BBC NEWS | Americas | Jaws author Peter Benchley dies (original) (raw)
Peter Benchley had a lifelong fascination with the sea
US author Peter Benchley, whose novel Jaws was made into one of Hollywood's most famous films, has died aged 65.
He died of complications from pulmonary fibrosis, a progressive scarring of the lungs he had been diagnosed with last autumn, son-in-law Chris Turner said.
"It was peaceful," Mr Turner added, saying that the writer's wife Wendy and other family members were by his side.
A Harvard graduate, raised in New York City, he was once a speechwriter for President Lyndon B Johnson.
He also worked as a journalist before becoming a novelist and publishing Jaws in 1974.
Mr Benchley, who lived in Princeton, New Jersey, and had two grown-up children, said he had been interested in sharks since his childhood days spent on the island of Nantucket off Massachusetts.
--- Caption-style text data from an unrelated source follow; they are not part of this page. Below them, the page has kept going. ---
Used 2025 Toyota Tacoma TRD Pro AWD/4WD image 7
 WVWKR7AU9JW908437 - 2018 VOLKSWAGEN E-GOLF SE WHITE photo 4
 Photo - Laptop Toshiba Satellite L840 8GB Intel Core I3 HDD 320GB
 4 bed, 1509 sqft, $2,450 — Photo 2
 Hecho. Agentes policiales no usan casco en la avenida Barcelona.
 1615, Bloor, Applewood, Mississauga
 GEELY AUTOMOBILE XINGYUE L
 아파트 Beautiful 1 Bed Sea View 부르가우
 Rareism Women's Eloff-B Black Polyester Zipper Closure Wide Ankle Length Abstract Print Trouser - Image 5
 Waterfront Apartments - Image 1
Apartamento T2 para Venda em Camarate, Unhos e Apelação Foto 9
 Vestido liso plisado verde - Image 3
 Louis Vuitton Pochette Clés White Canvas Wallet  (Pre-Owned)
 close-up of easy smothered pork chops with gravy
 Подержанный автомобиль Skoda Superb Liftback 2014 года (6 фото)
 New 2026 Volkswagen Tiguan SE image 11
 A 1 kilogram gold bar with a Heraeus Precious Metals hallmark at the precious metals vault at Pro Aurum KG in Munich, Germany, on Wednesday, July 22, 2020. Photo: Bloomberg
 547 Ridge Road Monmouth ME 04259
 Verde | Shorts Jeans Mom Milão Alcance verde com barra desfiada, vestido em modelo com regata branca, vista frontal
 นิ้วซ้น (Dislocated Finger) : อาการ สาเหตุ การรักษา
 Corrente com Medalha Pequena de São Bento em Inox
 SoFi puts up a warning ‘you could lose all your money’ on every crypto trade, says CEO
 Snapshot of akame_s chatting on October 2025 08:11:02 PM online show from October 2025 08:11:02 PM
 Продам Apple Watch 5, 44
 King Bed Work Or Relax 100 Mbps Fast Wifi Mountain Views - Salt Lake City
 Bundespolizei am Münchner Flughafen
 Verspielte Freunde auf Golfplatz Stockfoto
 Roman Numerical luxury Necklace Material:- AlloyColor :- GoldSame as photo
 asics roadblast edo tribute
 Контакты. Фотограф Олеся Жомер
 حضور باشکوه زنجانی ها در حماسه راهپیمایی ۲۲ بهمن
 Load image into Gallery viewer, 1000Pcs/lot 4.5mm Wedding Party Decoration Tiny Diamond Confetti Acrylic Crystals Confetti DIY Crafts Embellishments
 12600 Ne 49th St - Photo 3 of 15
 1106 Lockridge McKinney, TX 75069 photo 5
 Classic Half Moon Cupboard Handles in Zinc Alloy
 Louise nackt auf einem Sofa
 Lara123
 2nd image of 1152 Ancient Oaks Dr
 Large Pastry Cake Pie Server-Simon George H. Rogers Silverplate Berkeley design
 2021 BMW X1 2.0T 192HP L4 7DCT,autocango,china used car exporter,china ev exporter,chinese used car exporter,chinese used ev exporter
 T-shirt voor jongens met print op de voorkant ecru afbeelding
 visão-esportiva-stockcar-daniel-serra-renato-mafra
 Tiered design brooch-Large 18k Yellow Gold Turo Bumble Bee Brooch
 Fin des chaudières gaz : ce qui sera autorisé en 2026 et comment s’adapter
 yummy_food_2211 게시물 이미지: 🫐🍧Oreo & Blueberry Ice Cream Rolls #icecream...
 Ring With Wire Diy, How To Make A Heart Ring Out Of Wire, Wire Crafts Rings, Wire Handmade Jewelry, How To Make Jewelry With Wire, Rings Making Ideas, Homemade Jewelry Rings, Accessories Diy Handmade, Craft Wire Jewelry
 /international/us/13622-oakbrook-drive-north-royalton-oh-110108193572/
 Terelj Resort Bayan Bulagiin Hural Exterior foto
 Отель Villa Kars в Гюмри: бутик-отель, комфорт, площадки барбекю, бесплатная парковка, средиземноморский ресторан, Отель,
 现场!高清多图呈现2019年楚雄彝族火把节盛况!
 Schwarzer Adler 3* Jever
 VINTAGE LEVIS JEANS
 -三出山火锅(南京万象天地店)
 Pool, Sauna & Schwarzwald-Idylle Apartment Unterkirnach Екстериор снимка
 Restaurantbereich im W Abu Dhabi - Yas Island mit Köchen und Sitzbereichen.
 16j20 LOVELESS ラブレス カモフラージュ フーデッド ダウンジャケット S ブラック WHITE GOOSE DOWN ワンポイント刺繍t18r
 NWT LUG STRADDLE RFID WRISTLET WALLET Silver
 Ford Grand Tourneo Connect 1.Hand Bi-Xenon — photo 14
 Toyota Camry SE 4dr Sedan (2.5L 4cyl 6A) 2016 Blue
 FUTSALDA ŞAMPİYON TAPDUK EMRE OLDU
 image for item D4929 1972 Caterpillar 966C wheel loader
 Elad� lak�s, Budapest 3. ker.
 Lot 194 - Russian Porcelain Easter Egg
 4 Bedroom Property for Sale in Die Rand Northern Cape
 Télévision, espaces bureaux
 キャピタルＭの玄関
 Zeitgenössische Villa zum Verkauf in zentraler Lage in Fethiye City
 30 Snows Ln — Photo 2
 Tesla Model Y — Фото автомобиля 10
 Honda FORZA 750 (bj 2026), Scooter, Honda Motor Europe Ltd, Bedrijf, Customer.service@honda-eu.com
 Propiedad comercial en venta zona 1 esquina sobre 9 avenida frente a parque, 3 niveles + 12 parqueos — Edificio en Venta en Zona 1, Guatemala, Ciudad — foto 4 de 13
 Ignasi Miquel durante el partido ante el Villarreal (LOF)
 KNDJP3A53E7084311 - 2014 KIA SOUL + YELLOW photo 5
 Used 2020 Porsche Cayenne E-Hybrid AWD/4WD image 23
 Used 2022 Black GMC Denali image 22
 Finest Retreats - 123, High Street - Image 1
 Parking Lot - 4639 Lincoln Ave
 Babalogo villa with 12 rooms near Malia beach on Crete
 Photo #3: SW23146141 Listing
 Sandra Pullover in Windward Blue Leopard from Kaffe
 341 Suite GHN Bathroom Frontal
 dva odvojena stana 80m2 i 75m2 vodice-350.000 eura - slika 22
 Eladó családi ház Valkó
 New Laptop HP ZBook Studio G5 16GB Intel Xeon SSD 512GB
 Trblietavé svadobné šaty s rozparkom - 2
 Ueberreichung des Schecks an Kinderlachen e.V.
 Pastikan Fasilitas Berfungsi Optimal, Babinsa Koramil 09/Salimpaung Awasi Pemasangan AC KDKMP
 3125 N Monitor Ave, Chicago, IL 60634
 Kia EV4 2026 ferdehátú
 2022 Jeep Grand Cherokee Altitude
His novel, about a great white shark that terrorises a town off Long Island, sold more than 20 million copies.
He made a cameo appearance as a reporter in the 1975 film of his book directed by Steven Spielberg.
An avid environmentalist and diver, his lifelong fascination with the sea also continued with other books such as The Deep and The Island.
Despite writing books about the terrors of the deep, Mr Benchley wrote that he had "never been hurt by a sea creature, except for jellyfish and sea urchins.
"If you're careful, you don't have to worry about being attacked by sea creatures," he wrote on his website.